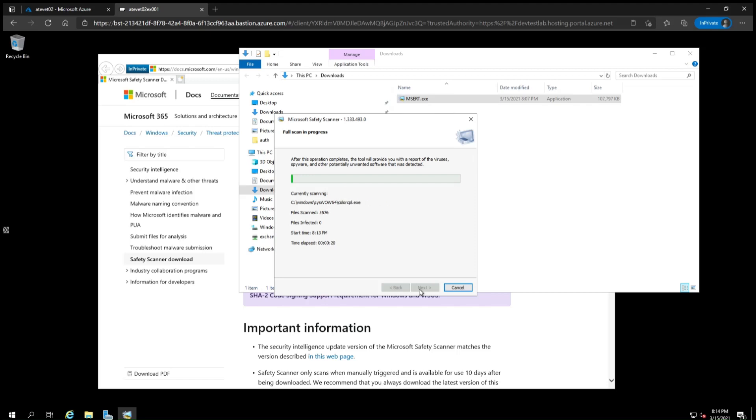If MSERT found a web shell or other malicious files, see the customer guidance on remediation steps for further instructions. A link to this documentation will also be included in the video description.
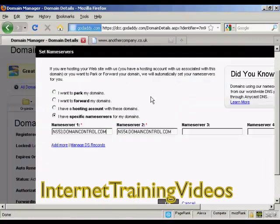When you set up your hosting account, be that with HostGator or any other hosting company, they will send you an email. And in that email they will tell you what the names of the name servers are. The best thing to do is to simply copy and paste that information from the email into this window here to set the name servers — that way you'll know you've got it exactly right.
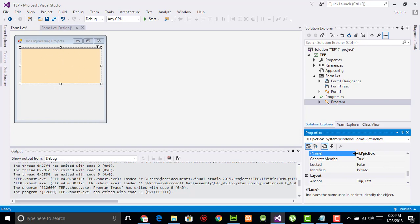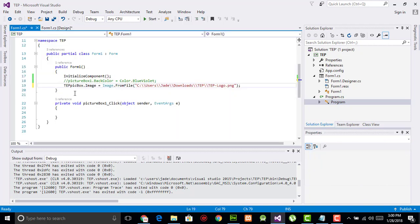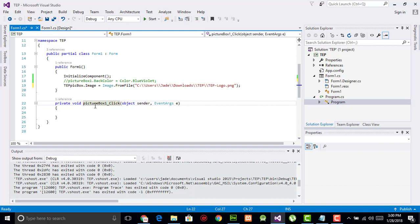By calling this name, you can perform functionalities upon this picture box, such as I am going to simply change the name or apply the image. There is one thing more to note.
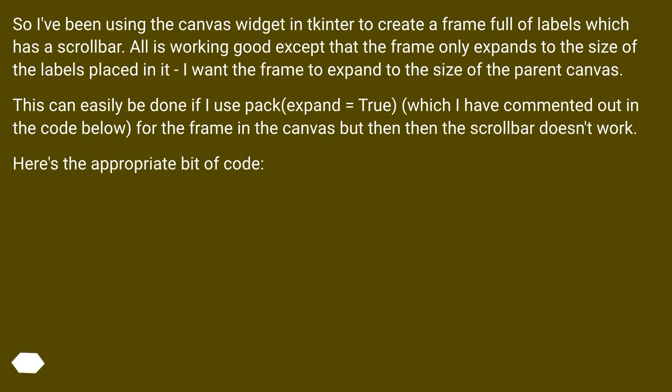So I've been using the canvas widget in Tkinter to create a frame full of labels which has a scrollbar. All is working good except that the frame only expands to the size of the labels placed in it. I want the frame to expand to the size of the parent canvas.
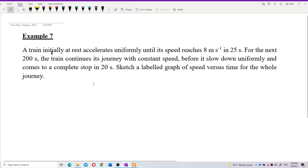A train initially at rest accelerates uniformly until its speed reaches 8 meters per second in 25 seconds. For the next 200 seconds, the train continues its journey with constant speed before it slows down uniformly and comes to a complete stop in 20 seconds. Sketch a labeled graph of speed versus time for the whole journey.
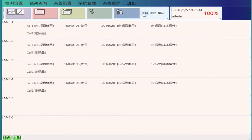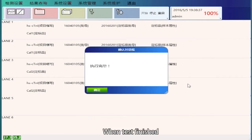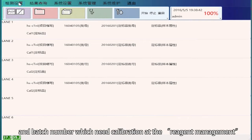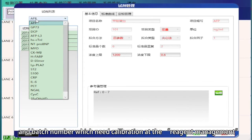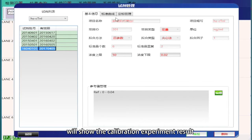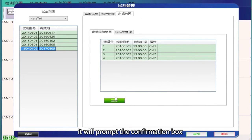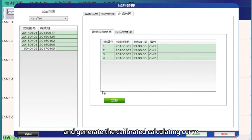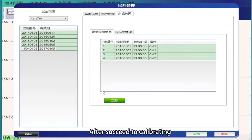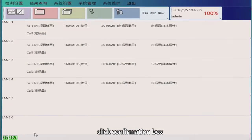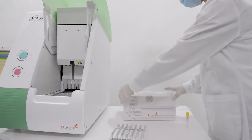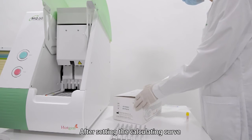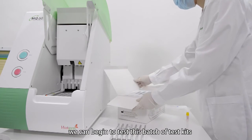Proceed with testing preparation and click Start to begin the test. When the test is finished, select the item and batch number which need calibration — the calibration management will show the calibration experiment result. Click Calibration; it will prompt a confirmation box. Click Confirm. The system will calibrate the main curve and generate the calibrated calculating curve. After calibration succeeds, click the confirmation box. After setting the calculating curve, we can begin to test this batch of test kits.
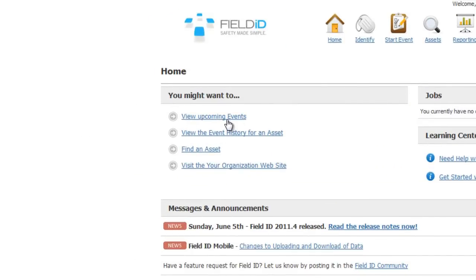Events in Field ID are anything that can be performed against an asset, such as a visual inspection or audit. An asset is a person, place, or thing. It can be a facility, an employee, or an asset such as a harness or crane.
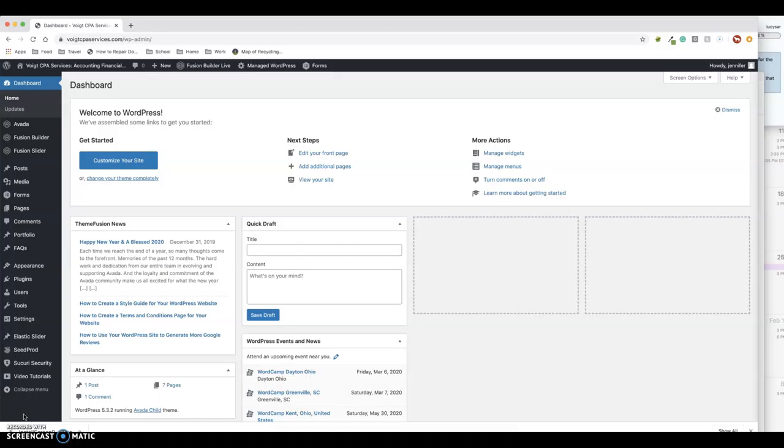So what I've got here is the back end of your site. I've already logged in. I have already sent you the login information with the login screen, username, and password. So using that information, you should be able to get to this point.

_Work instructions:_ Within the listing above, find the line containing "A train initially" and the line containing "Proceed with testing". Transcribe them and everything between them exactly, leaving out the pictures.

_Response box:_
A train initially at rest accelerates uniformly until its speed reaches 8 meters per second in 25 seconds. For the next 200 seconds, the train continues its journey with constant speed before it slows down uniformly and comes to a complete stop in 20 seconds. Sketch a labeled graph of speed versus time for the whole journey.
Proceed with testing preparation and click Start to begin the test. When the test is finished, select the item and batch number which need calibration — the calibration management will show the calibration experiment result. Click Calibration; it will prompt a confirmation box. Click Confirm. The system will calibrate the main curve and generate the calibrated calculating curve. After calibration succeeds, click the confirmation box. After setting the calculating curve, we can begin to test this batch of test kits.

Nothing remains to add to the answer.